- TASK MATERIAL -
- - - - - - -

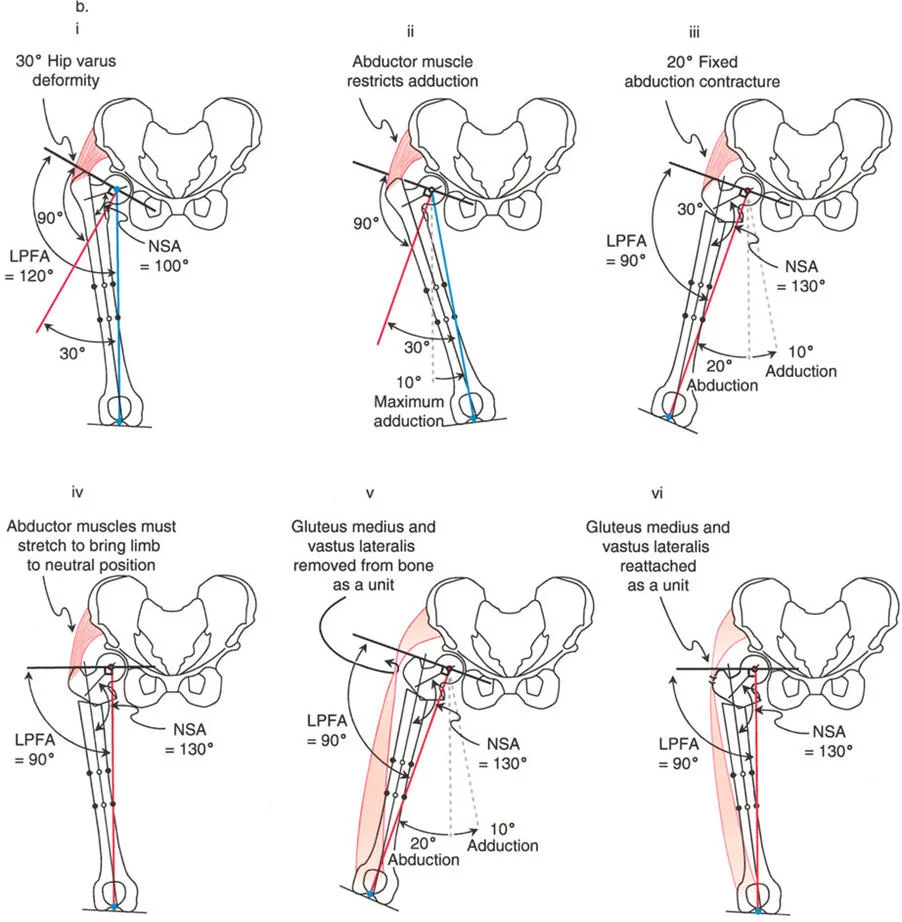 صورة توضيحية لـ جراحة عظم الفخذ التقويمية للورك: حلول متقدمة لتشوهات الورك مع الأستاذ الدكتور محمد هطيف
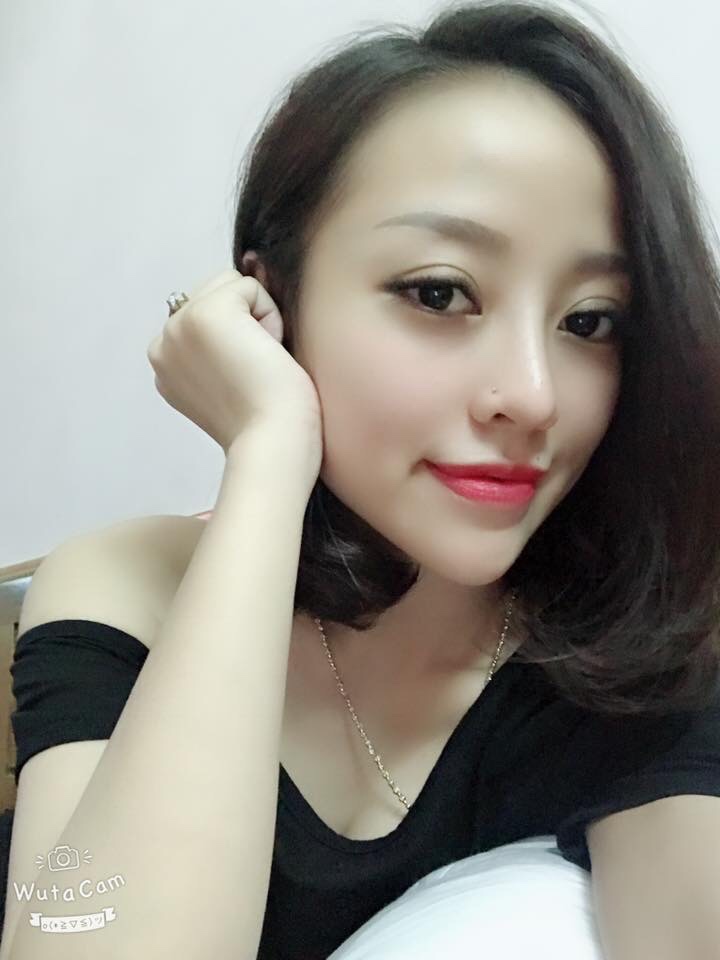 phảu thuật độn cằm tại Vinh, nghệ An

- - - - - - -

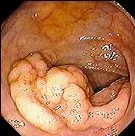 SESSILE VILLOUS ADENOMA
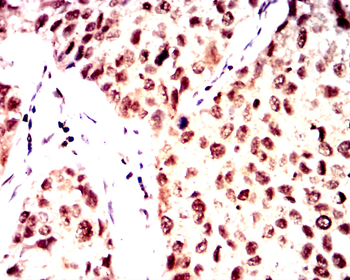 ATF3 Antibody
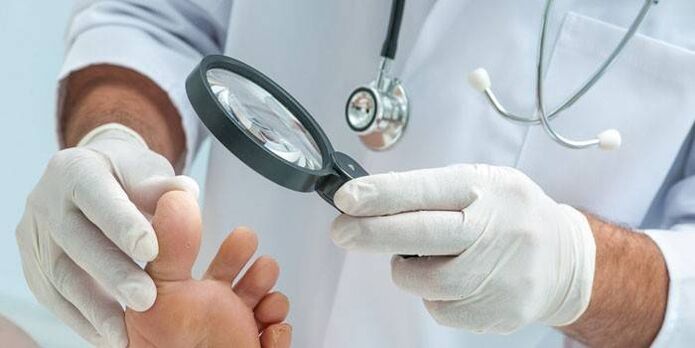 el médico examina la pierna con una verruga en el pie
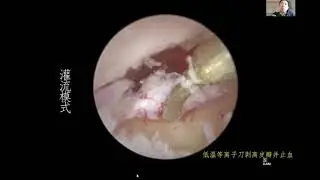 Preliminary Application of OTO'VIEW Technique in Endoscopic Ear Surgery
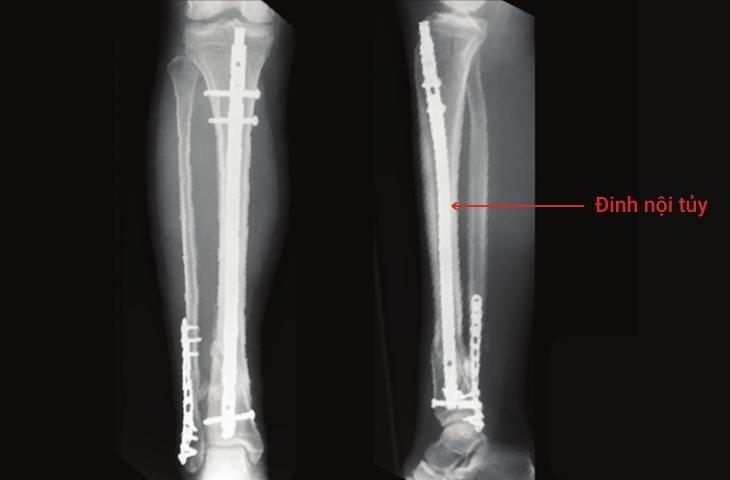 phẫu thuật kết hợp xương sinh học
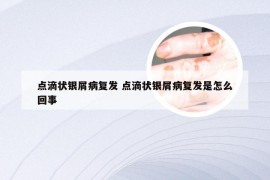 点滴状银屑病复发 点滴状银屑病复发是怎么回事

- - - - - - -

- WORK REQUIRED -
Between and including the line above that contains "صورة توضيحية لـ" and the line that contains "phảu thuật độn cằm tại Vinh, nghệ An", restate every line word for word. Pictures stay out.

- SOLUTION BELOW -
 صورة توضيحية لـ جراحة عظم الفخذ التقويمية للورك: حلول متقدمة لتشوهات الورك مع الأستاذ الدكتور محمد هطيف
 phảu thuật độn cằm tại Vinh, nghệ An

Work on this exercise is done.